Content starts

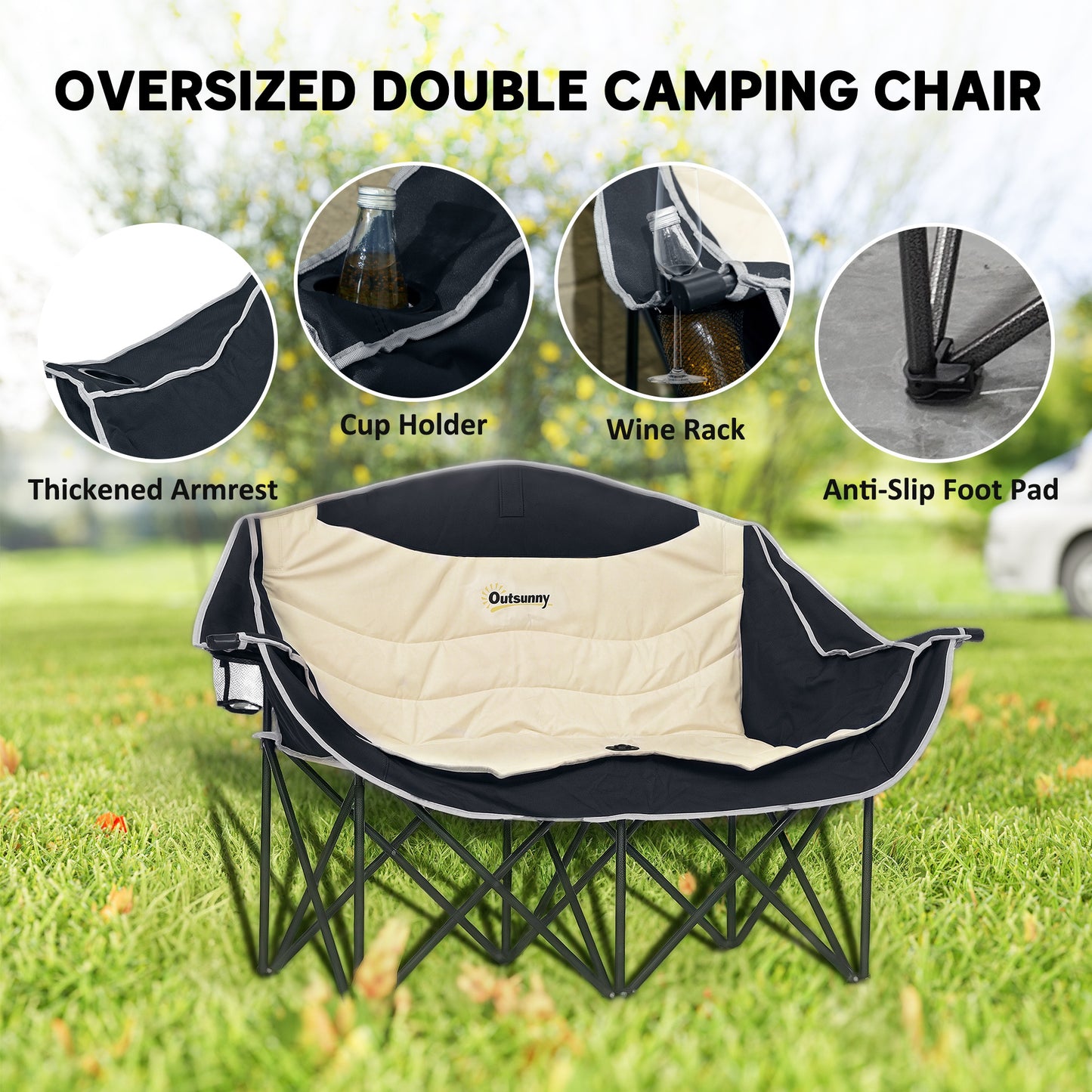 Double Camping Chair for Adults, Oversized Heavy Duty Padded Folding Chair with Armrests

Content ends
Content starts

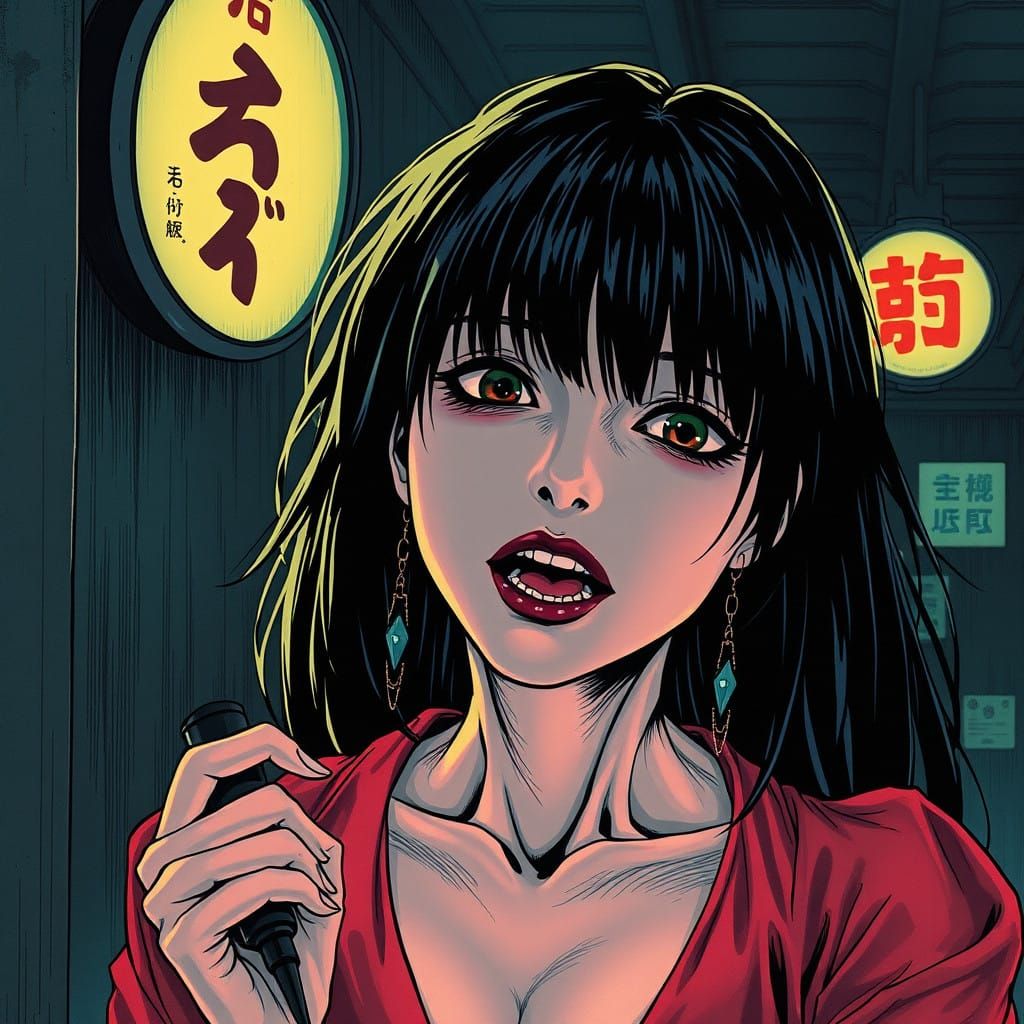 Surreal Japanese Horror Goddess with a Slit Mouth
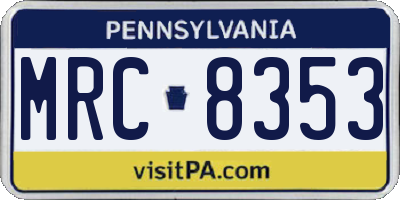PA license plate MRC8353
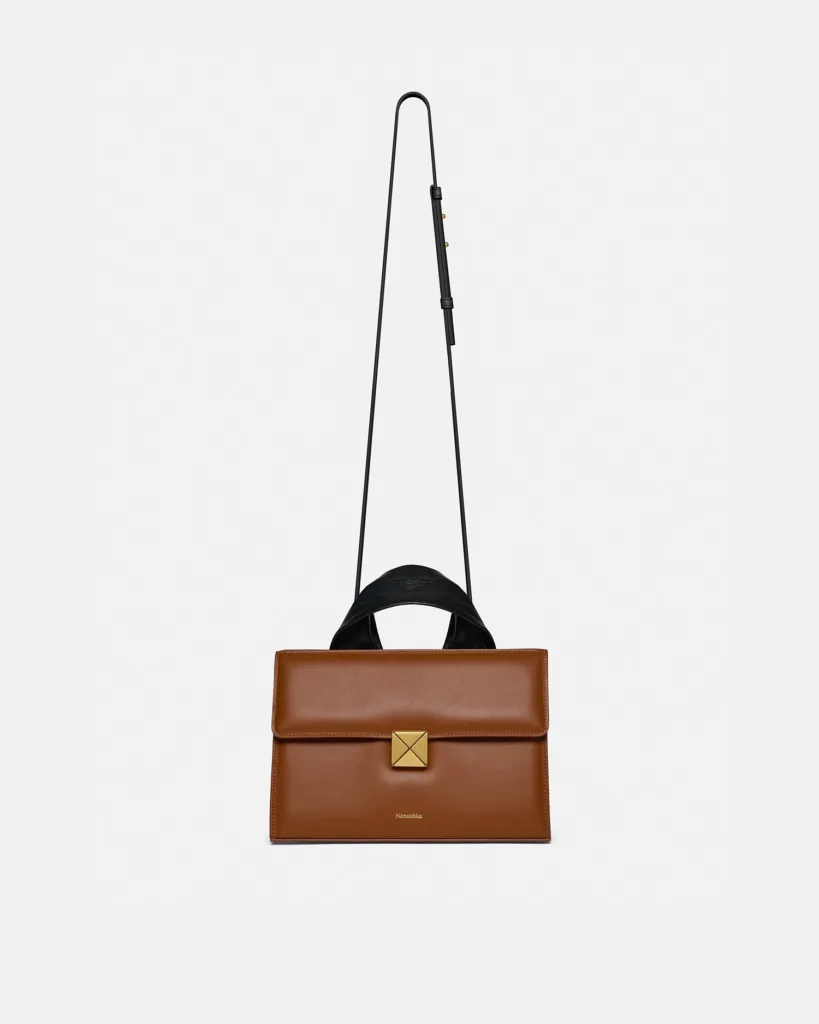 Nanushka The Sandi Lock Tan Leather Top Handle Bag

Content ends
Content starts

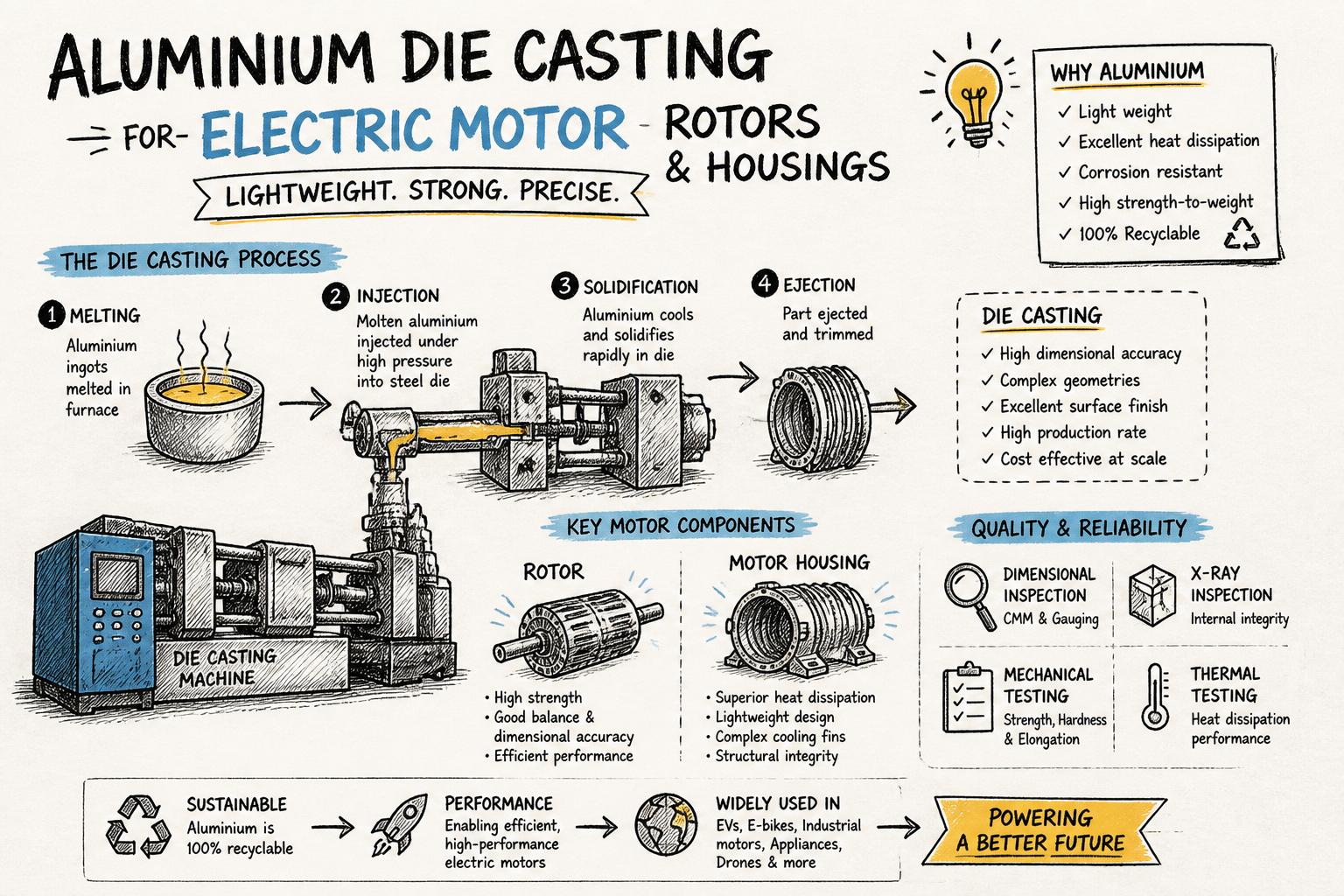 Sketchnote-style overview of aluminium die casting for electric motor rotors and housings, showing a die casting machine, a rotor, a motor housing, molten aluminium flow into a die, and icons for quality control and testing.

Content ends

*Task goal*.
Your reply is to be an exact repeat of the listing above from the line holding "Surreal Japanese Horror" down to the line holding "Nanushka The Sandi", ends included, pictures excluded.

*Completed task*.
 Surreal Japanese Horror Goddess with a Slit Mouth
PA license plate MRC8353
 Nanushka The Sandi Lock Tan Leather Top Handle Bag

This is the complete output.